Indian and Chinese visitors to NBAA all tell the same story about the pent-up demand for business aviation in their countries. The pressure is building up, dammed by inadequate infrastructure in both countries and made worse in India by a disabling bureaucracy.
Speaking at NBAA, the chairman of the China Business Aviation Group, Jason Liao, painted a simultaneously exciting and frustrating picture of the future for business aviation in China. There are already more than 3,000 individuals in China with a personal net worth exceeding $500 million, and the group is growing fast, he said. So there is a luxury market as well as corporate demand.
In India, where business aviation has until now been considered a luxury commodity, the perception is swinging towards its use as a business-enabling tool, according to the Indian Business Aviation Operators Association.
In both countries, the financial means and the wish to acquire aircraft immediately exists aplenty, but there is an almost total lack of fixed-base operations to support them, and inadequate parking space and hangarage at airports. In India this is exacerbated by the fact that the government approvals needed to import and register an aircraft can take more than a year, sapping the will of entrepreneurs to bring operations into the country rather than charter services from external operators.

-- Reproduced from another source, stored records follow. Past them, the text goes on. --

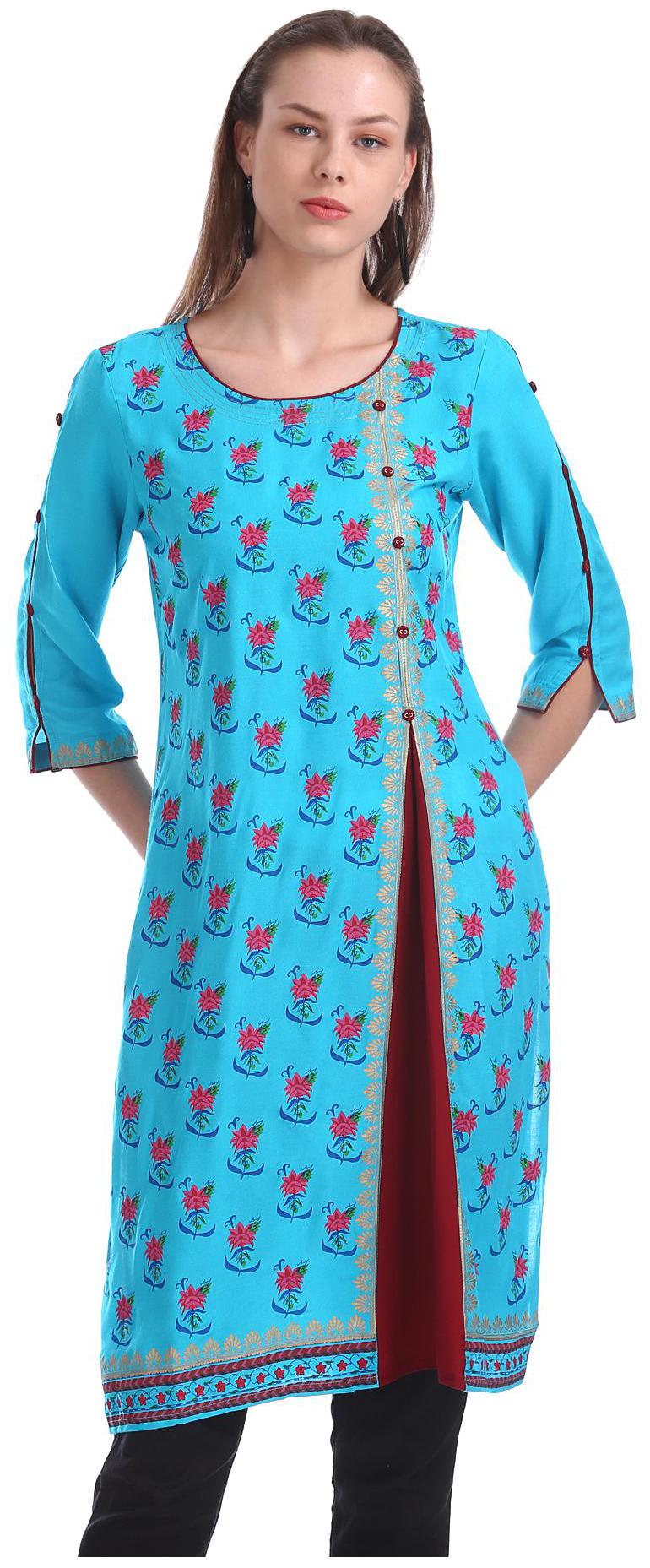 

Karigari Women Blue Printed Assymetrical Kurta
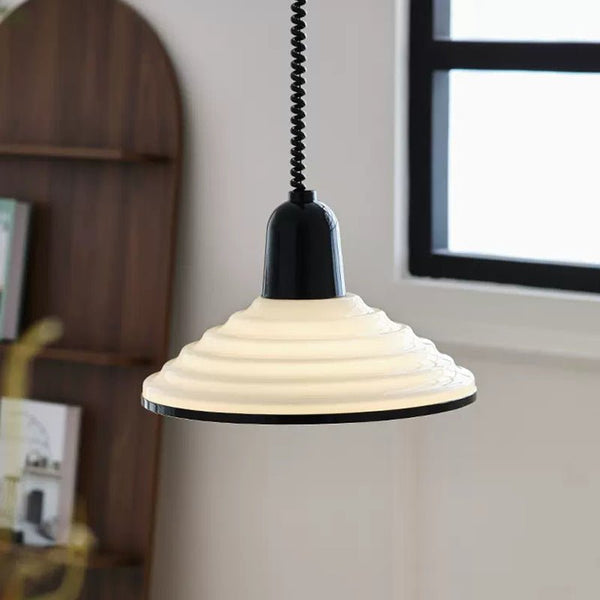 French Cream Wind Glass Pendant Light – Elegant Parisian Hanging Lamp | Soft Vintage Modern Ceiling Lighting
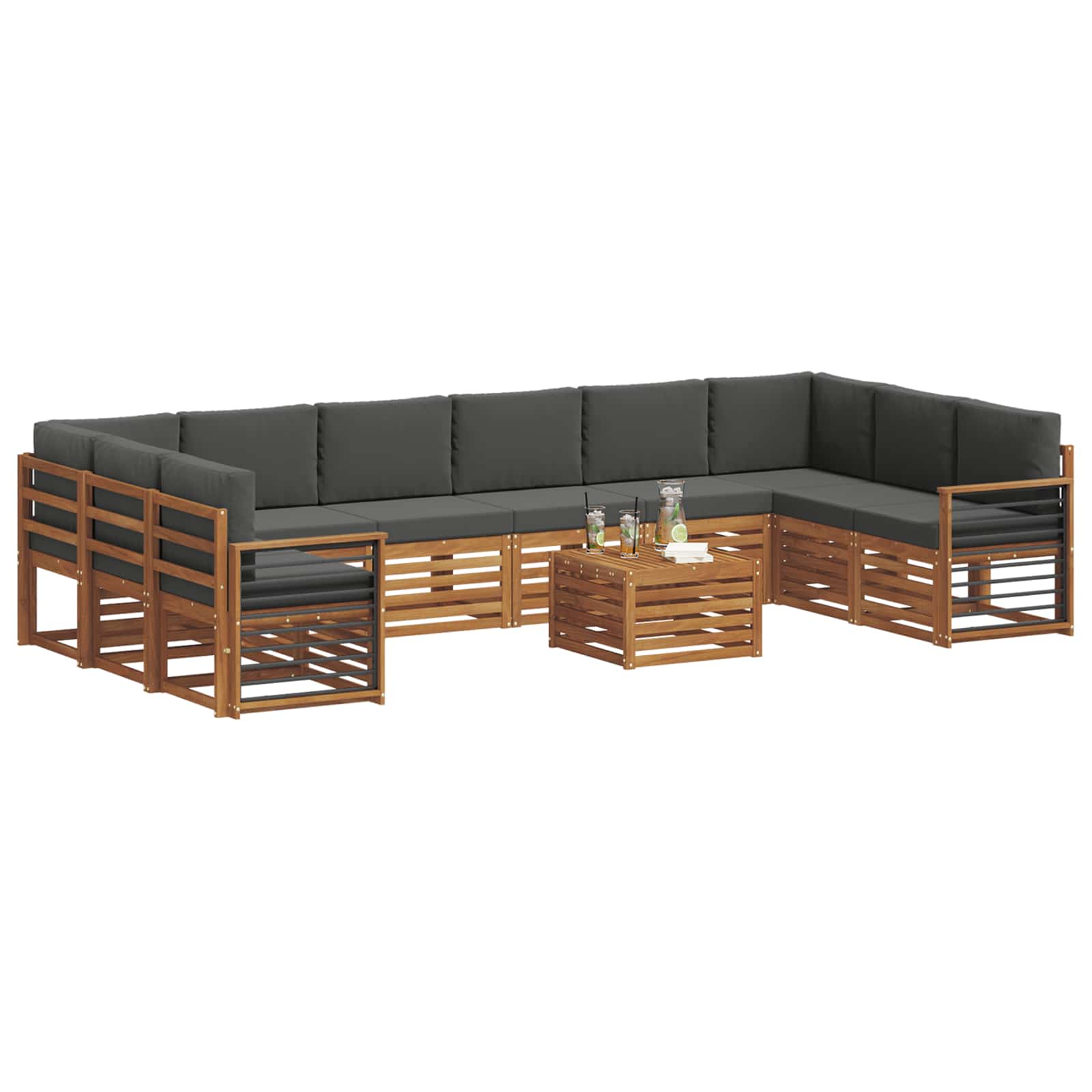 Set di divani da esterno 11 pcs Naturale e Antracite | homemem39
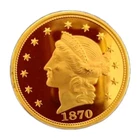 1870 Liberty Double Eagle – 24k Gold-Clad Proof Coin Medallion– W/ Case (No COA)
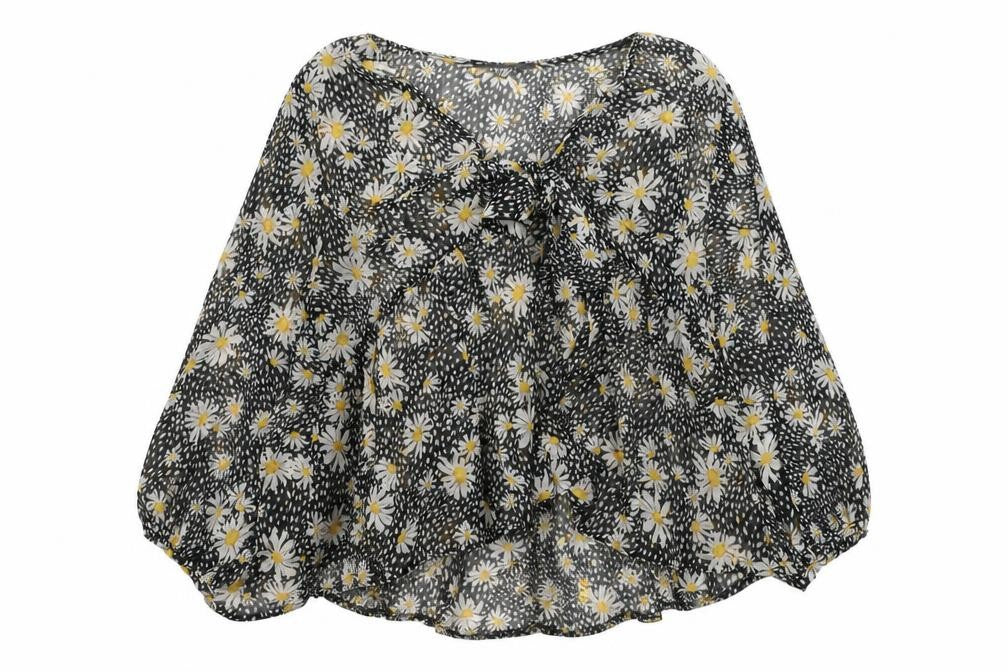 Front view of Primark women’s black floral polyester basic blouse, size UK 10, v-neck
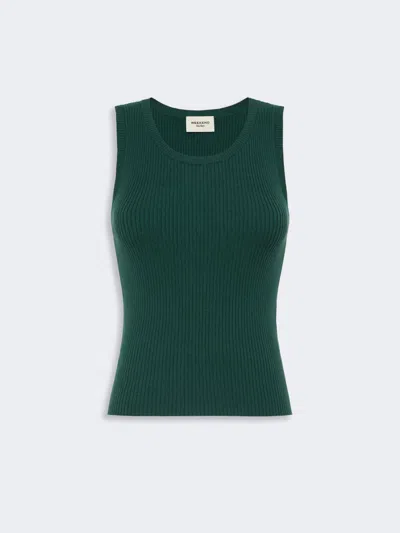 Max Mara Sleeveless Stretch Viscose Sweater In Green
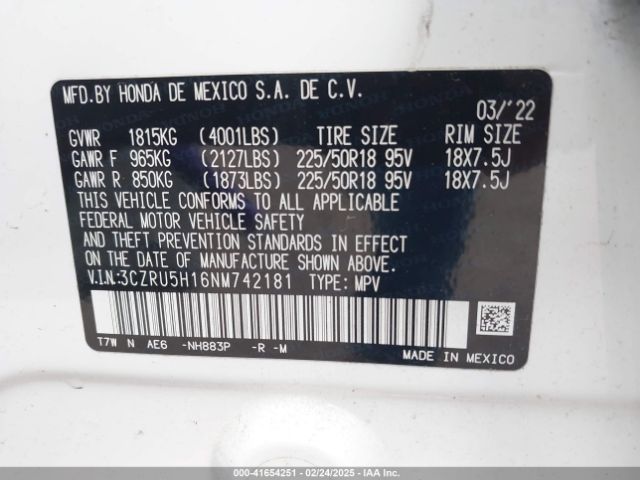 3CZRU5H16NM742181 Honda Hr-v 2wd Sport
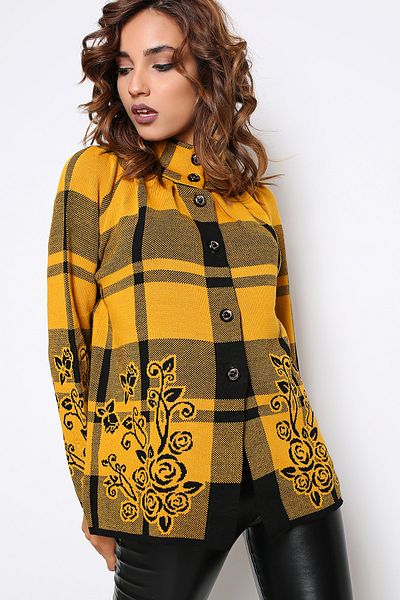 AVORWE Floral Patterned Buttoned Mustard Knitwear Poncho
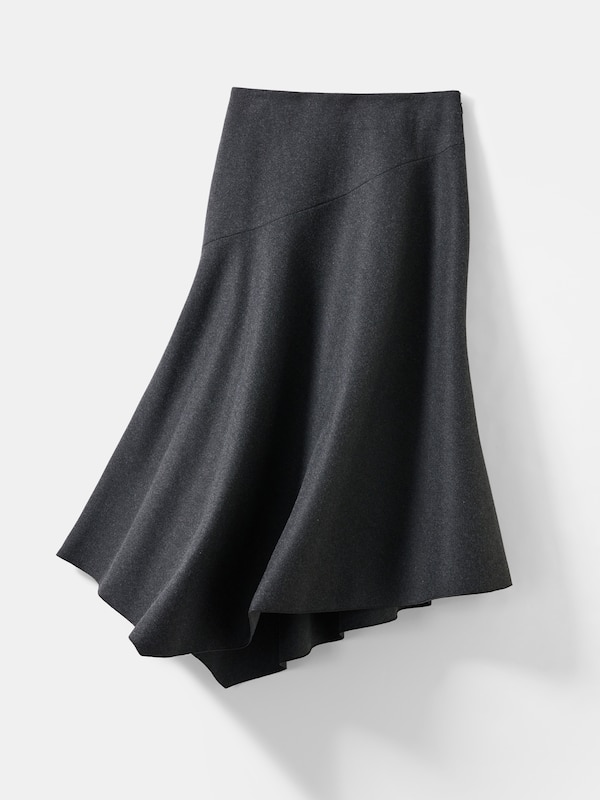 プレシャスニットメルトンアシンメトリースカート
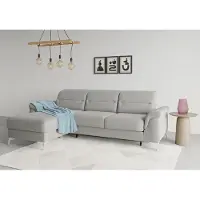 Sit&More Ecksofa SIT & MORE "Sinatra L-Form", silber, B:258cm H:85cm T:170cm, 90% Polyester, 10% Polyamid, Sofas, Ecksofa, mit Recamiere, optinal mit Kopfteilverstellung und Armteilfunktion
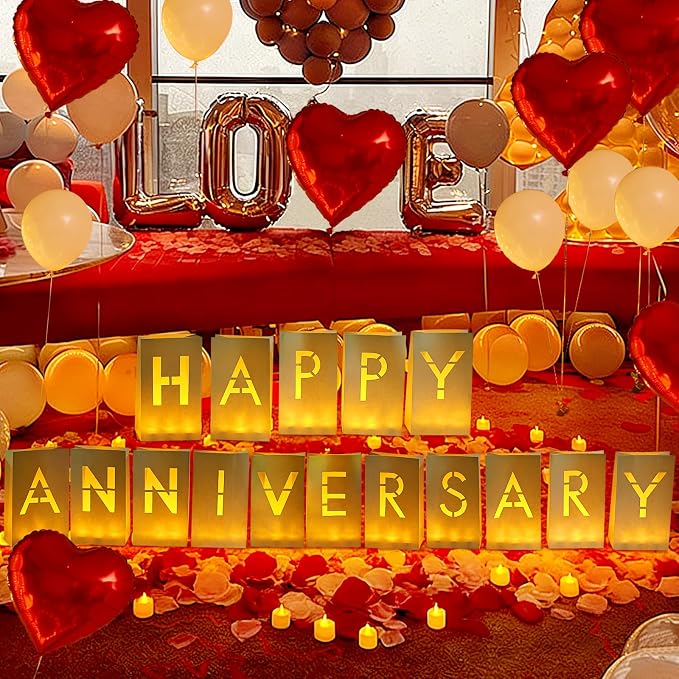 Happy Anniversary Light Up Letters, Rose Petals LED Tea Lights Candles Latex Foil Balloons, Paper Luminary Bags for Her Him Proposal Anniversary Valentines' Day Decorations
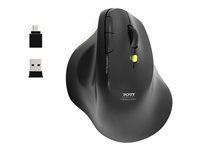 PORT Connect Professional ERGO SOFT - Mus - ergonomisk - høyrehendt - optisk - 5 knapper - trådløs - 2.4 GHz, Bluetooth - USB trådløs mottaker 910200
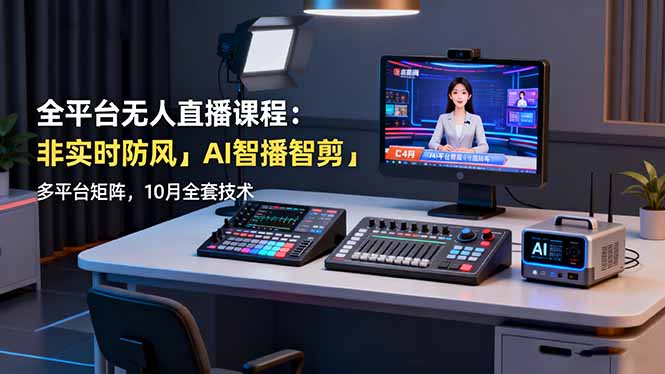 全平台无人直播课程：非实时防风＋AI智播智剪＋多平台矩阵，10月全套技术-创富笔记
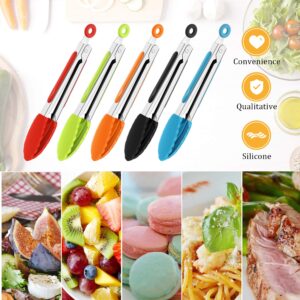 Mudder 7 Inch Mini Serving Kitchen Tongs with Silicone Tips, Stainless Steel Tongs for Salad, Grilling, Frying and Cooking, 5 Pieces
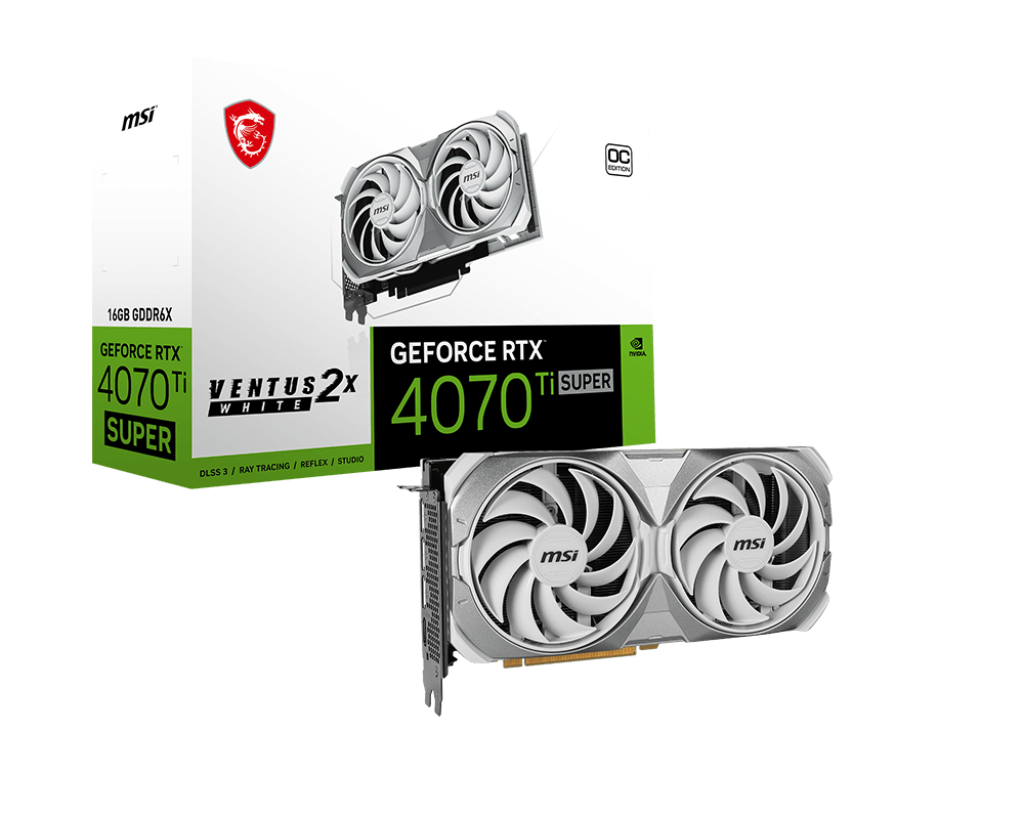 MSI GeForce RTX 4070Ti Super 16GB VENTUS 2X White OC Grafikkarte 3xDP/HDMI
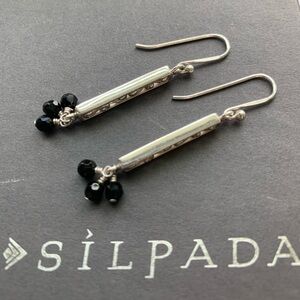 Silpada RARE HTF Sterling Filigree Scroll Onyx Cluster French Wire Earrings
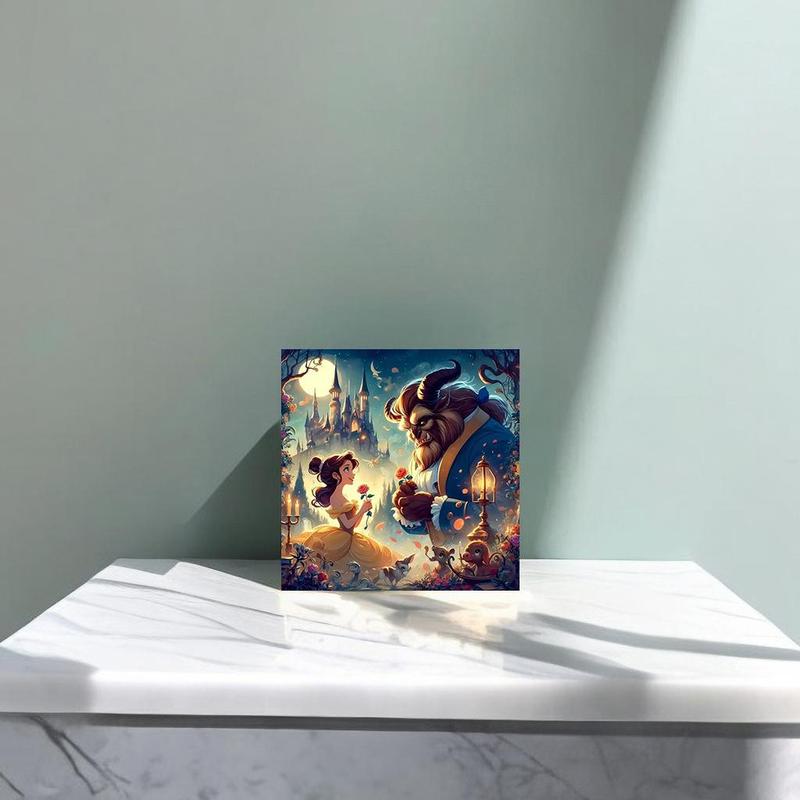 Beauty and The Beast Pattern DIY Diamond Arts Colorful Painting Kit without Frame, DIY 5D Diamond Arts Colorful Painting for Home Bedroom Wall Decor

Liao said that the Civil Aviation Authority of China is making it a high priority to force the changes necessary to unshackle the entire general aviation sector, and the loosening of airspace restrictions and clearances has already begun. "A huge wave" of FBO development is imminent, he said, but the lack of pilots and trained technicians is also a major obstacle to business aviation development that will, for many years, only be met by importing expatriate skilled employees. At the moment, said Liao, he has to disappoint individuals who approach him with $60 million in instantly transferable cash available, asking for an aeroplane immediately.